┌─ DATA TO USE

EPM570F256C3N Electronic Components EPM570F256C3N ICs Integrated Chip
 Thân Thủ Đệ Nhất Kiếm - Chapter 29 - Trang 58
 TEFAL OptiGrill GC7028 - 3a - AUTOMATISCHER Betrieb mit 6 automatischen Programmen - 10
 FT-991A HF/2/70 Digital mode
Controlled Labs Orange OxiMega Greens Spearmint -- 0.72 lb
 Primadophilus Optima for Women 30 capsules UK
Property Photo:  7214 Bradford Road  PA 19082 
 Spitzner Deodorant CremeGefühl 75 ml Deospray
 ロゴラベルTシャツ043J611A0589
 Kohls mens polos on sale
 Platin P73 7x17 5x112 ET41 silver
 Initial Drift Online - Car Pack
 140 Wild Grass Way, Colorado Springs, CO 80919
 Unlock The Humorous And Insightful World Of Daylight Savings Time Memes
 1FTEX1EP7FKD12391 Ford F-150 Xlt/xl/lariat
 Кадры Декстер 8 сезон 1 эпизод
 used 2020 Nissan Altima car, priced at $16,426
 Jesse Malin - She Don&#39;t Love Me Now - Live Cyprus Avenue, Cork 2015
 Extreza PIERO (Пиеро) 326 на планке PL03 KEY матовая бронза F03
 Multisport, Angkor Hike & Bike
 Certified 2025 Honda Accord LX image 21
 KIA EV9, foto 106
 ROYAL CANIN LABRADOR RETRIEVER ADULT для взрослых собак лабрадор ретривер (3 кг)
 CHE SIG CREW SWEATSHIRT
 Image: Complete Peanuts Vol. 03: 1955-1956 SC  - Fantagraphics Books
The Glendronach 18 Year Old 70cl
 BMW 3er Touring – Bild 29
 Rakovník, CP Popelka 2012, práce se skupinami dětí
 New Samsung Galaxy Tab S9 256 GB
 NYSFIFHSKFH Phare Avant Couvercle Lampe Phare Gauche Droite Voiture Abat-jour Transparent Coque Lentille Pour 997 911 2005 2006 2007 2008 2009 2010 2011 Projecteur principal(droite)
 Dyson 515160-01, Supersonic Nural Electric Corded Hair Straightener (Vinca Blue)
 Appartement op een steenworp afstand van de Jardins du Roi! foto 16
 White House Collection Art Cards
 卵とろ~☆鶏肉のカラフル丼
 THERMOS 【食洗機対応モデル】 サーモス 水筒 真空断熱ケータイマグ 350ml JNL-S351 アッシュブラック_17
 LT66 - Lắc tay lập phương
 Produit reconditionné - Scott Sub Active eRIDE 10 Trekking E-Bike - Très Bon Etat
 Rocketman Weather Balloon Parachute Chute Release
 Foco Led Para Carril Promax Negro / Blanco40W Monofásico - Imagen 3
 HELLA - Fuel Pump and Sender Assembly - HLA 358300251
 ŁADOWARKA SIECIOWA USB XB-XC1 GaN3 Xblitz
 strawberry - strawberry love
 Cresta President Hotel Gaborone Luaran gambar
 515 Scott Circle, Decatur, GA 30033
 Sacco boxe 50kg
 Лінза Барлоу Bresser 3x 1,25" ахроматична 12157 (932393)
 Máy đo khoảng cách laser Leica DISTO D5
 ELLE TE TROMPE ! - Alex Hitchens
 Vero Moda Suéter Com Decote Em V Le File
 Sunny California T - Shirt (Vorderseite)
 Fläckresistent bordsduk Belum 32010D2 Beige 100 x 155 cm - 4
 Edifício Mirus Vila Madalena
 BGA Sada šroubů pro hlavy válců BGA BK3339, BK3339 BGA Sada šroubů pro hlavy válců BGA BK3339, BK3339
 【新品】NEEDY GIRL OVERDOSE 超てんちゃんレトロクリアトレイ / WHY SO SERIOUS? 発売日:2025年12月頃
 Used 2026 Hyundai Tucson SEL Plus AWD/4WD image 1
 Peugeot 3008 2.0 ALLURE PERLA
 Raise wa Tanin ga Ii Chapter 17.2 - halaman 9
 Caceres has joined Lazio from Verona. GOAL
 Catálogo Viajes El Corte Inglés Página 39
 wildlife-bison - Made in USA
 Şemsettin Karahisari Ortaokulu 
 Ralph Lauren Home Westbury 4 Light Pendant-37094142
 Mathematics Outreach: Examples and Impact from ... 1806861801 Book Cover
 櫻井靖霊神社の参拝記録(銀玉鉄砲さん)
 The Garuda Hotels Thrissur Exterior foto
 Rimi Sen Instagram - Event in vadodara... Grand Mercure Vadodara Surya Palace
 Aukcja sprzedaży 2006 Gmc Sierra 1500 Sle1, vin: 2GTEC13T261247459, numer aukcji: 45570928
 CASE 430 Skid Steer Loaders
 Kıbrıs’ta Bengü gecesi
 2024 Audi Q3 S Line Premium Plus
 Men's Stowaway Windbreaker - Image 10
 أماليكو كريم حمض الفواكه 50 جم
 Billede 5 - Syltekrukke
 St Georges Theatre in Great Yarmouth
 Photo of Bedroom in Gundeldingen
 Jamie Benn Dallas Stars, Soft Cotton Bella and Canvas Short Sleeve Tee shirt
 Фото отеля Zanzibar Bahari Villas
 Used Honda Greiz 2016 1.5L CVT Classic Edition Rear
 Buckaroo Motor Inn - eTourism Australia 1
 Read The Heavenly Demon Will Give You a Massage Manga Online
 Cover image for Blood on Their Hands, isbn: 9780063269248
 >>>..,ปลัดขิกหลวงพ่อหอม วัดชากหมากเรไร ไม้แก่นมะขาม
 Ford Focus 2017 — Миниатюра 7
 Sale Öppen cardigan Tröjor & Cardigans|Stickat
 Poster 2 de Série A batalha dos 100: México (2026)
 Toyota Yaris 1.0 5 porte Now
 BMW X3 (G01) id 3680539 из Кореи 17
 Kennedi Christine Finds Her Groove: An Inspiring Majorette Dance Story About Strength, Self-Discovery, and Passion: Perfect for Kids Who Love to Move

└─

### WHAT YOU HAVE TO DO
The reply should restate the records above in full, character for character.

### EXERCISE ANSWER
EPM570F256C3N Electronic Components EPM570F256C3N ICs Integrated Chip
 Thân Thủ Đệ Nhất Kiếm - Chapter 29 - Trang 58
 TEFAL OptiGrill GC7028 - 3a - AUTOMATISCHER Betrieb mit 6 automatischen Programmen - 10
 FT-991A HF/2/70 Digital mode
Controlled Labs Orange OxiMega Greens Spearmint -- 0.72 lb
 Primadophilus Optima for Women 30 capsules UK
Property Photo:  7214 Bradford Road  PA 19082 
 Spitzner Deodorant CremeGefühl 75 ml Deospray
 ロゴラベルTシャツ043J611A0589
 Kohls mens polos on sale
 Platin P73 7x17 5x112 ET41 silver
 Initial Drift Online - Car Pack
 140 Wild Grass Way, Colorado Springs, CO 80919
 Unlock The Humorous And Insightful World Of Daylight Savings Time Memes
 1FTEX1EP7FKD12391 Ford F-150 Xlt/xl/lariat
 Кадры Декстер 8 сезон 1 эпизод
 used 2020 Nissan Altima car, priced at $16,426
 Jesse Malin - She Don&#39;t Love Me Now - Live Cyprus Avenue, Cork 2015
 Extreza PIERO (Пиеро) 326 на планке PL03 KEY матовая бронза F03
 Multisport, Angkor Hike & Bike
 Certified 2025 Honda Accord LX image 21
 KIA EV9, foto 106
 ROYAL CANIN LABRADOR RETRIEVER ADULT для взрослых собак лабрадор ретривер (3 кг)
 CHE SIG CREW SWEATSHIRT
 Image: Complete Peanuts Vol. 03: 1955-1956 SC  - Fantagraphics Books
The Glendronach 18 Year Old 70cl
 BMW 3er Touring – Bild 29
 Rakovník, CP Popelka 2012, práce se skupinami dětí
 New Samsung Galaxy Tab S9 256 GB
 NYSFIFHSKFH Phare Avant Couvercle Lampe Phare Gauche Droite Voiture Abat-jour Transparent Coque Lentille Pour 997 911 2005 2006 2007 2008 2009 2010 2011 Projecteur principal(droite)
 Dyson 515160-01, Supersonic Nural Electric Corded Hair Straightener (Vinca Blue)
 Appartement op een steenworp afstand van de Jardins du Roi! foto 16
 White House Collection Art Cards
 卵とろ~☆鶏肉のカラフル丼
 THERMOS 【食洗機対応モデル】 サーモス 水筒 真空断熱ケータイマグ 350ml JNL-S351 アッシュブラック_17
 LT66 - Lắc tay lập phương
 Produit reconditionné - Scott Sub Active eRIDE 10 Trekking E-Bike - Très Bon Etat
 Rocketman Weather Balloon Parachute Chute Release
 Foco Led Para Carril Promax Negro / Blanco40W Monofásico - Imagen 3
 HELLA - Fuel Pump and Sender Assembly - HLA 358300251
 ŁADOWARKA SIECIOWA USB XB-XC1 GaN3 Xblitz
 strawberry - strawberry love
 Cresta President Hotel Gaborone Luaran gambar
 515 Scott Circle, Decatur, GA 30033
 Sacco boxe 50kg
 Лінза Барлоу Bresser 3x 1,25" ахроматична 12157 (932393)
 Máy đo khoảng cách laser Leica DISTO D5
 ELLE TE TROMPE ! - Alex Hitchens
 Vero Moda Suéter Com Decote Em V Le File
 Sunny California T - Shirt (Vorderseite)
 Fläckresistent bordsduk Belum 32010D2 Beige 100 x 155 cm - 4
 Edifício Mirus Vila Madalena
 BGA Sada šroubů pro hlavy válců BGA BK3339, BK3339 BGA Sada šroubů pro hlavy válců BGA BK3339, BK3339
 【新品】NEEDY GIRL OVERDOSE 超てんちゃんレトロクリアトレイ / WHY SO SERIOUS? 発売日:2025年12月頃
 Used 2026 Hyundai Tucson SEL Plus AWD/4WD image 1
 Peugeot 3008 2.0 ALLURE PERLA
 Raise wa Tanin ga Ii Chapter 17.2 - halaman 9
 Caceres has joined Lazio from Verona. GOAL
 Catálogo Viajes El Corte Inglés Página 39
 wildlife-bison - Made in USA
 Şemsettin Karahisari Ortaokulu 
 Ralph Lauren Home Westbury 4 Light Pendant-37094142
 Mathematics Outreach: Examples and Impact from ... 1806861801 Book Cover
 櫻井靖霊神社の参拝記録(銀玉鉄砲さん)
 The Garuda Hotels Thrissur Exterior foto
 Rimi Sen Instagram - Event in vadodara... Grand Mercure Vadodara Surya Palace
 Aukcja sprzedaży 2006 Gmc Sierra 1500 Sle1, vin: 2GTEC13T261247459, numer aukcji: 45570928
 CASE 430 Skid Steer Loaders
 Kıbrıs’ta Bengü gecesi
 2024 Audi Q3 S Line Premium Plus
 Men's Stowaway Windbreaker - Image 10
 أماليكو كريم حمض الفواكه 50 جم
 Billede 5 - Syltekrukke
 St Georges Theatre in Great Yarmouth
 Photo of Bedroom in Gundeldingen
 Jamie Benn Dallas Stars, Soft Cotton Bella and Canvas Short Sleeve Tee shirt
 Фото отеля Zanzibar Bahari Villas
 Used Honda Greiz 2016 1.5L CVT Classic Edition Rear
 Buckaroo Motor Inn - eTourism Australia 1
 Read The Heavenly Demon Will Give You a Massage Manga Online
 Cover image for Blood on Their Hands, isbn: 9780063269248
 >>>..,ปลัดขิกหลวงพ่อหอม วัดชากหมากเรไร ไม้แก่นมะขาม
 Ford Focus 2017 — Миниатюра 7
 Sale Öppen cardigan Tröjor & Cardigans|Stickat
 Poster 2 de Série A batalha dos 100: México (2026)
 Toyota Yaris 1.0 5 porte Now
 BMW X3 (G01) id 3680539 из Кореи 17
 Kennedi Christine Finds Her Groove: An Inspiring Majorette Dance Story About Strength, Self-Discovery, and Passion: Perfect for Kids Who Love to Move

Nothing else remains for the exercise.